Dara blinked. “Millie, nobody is in there but—“
“But a pair of kids who might have good memory. And who have a social media presence.”
“Fine,” Dara said, checking to make certain the bag with the costume was close enough. She raised her arm and touched the bracelet. In a flash of golden light, she was clothed in…
My college uniform. If I known I was going to have to do this, I’d have dressed in something a little more practical. She cast the cantrip, her hair fading from blue to brown, and then nodded. “So, how do I look?”
“Let evil houses beware,” Millie said. “Speaking of that… No house.”
“I’m going to complete the ritual now. Any last words?”
“When did I become a fantasy hero?”
“You?”
“What do I look like?” Millie asked.
“A woman in a sweater and pants, who is holding a broom.”
“And what could be more fantastical than beating up a spirit with a broom?”
Dara paused. I do not have an answer for that.
Then Millie deflated. “Right. Do your juju and let’s hope like hell that there are some live kids at the end of this quest.”
“Yes.” Dara took a deep breath and then touched the center of the diagram she’d drawn on the sidewalk. There was a flicker of light and then the air shimmered and…
A house appeared in front of them.
Millie stared at the house, then looked down at her phone. “Uh-huh…noticing anything?” She held the phone up to Dara.
The image on the phone was of a two-story house, built in the generic style that Dara had come to take for granted in this strange, new world.
This house wasn’t. It was tall, three stories up, the last story twisted, tiny windows peering down at the street like empty eye-sockets.
“It’s taken on more of the form that would be expected of it.”
“Too bad it didn’t pull this earlier,” Millie muttered. “Even a kid wouldn’t be that stupid.”
“Oh help us! Please!”
Millie and Dara looked up at the panicked cries coming from the house.

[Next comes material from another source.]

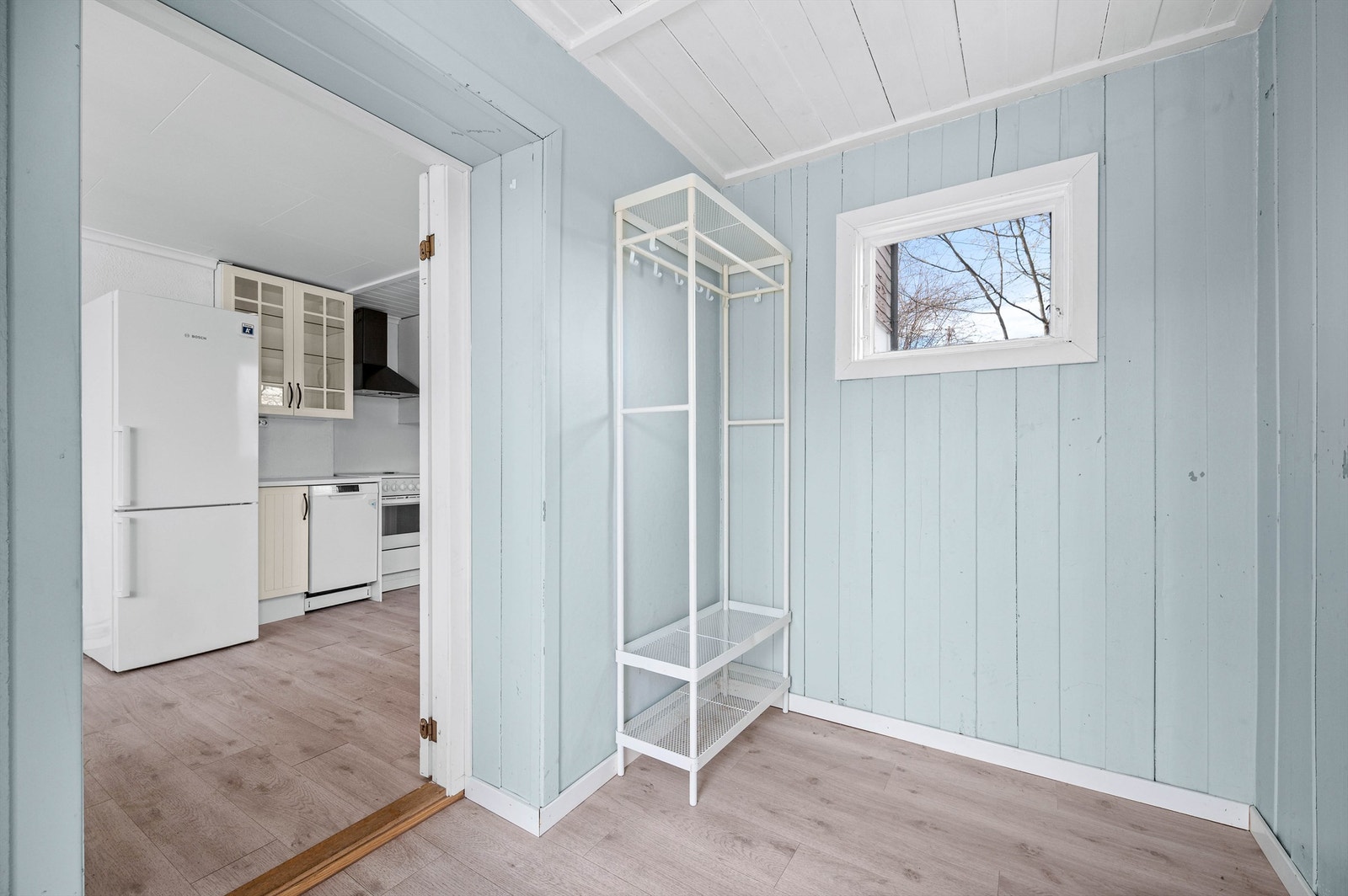 Entré - Hybel i underetasje Galleribilde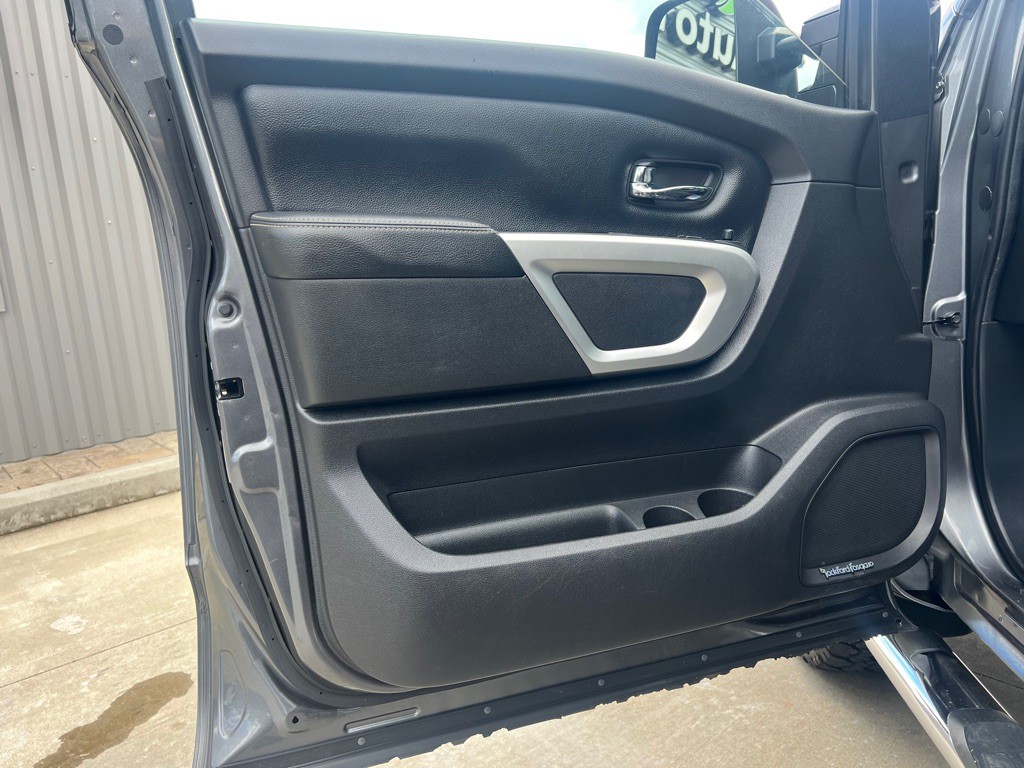 2017 Nissan Titan Image 8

“Not the kids,” Millie said, hefting her broom.
“No.” Dara raised her staff up, a bright globe of light forming on it’s tip. “Stay close.”
They walked up to the door… which opened before they got there.
“You know, if not for the whole ‘kill kids’ thing, this’d be a great haunted house,” Millie said. “Ready?”
“Yes.”
“That makes one of us.”
Dara led the way in, Millie behind her, and when they crossed the threshold, the door shut behind them.
Now let’s find those children, Dara thought.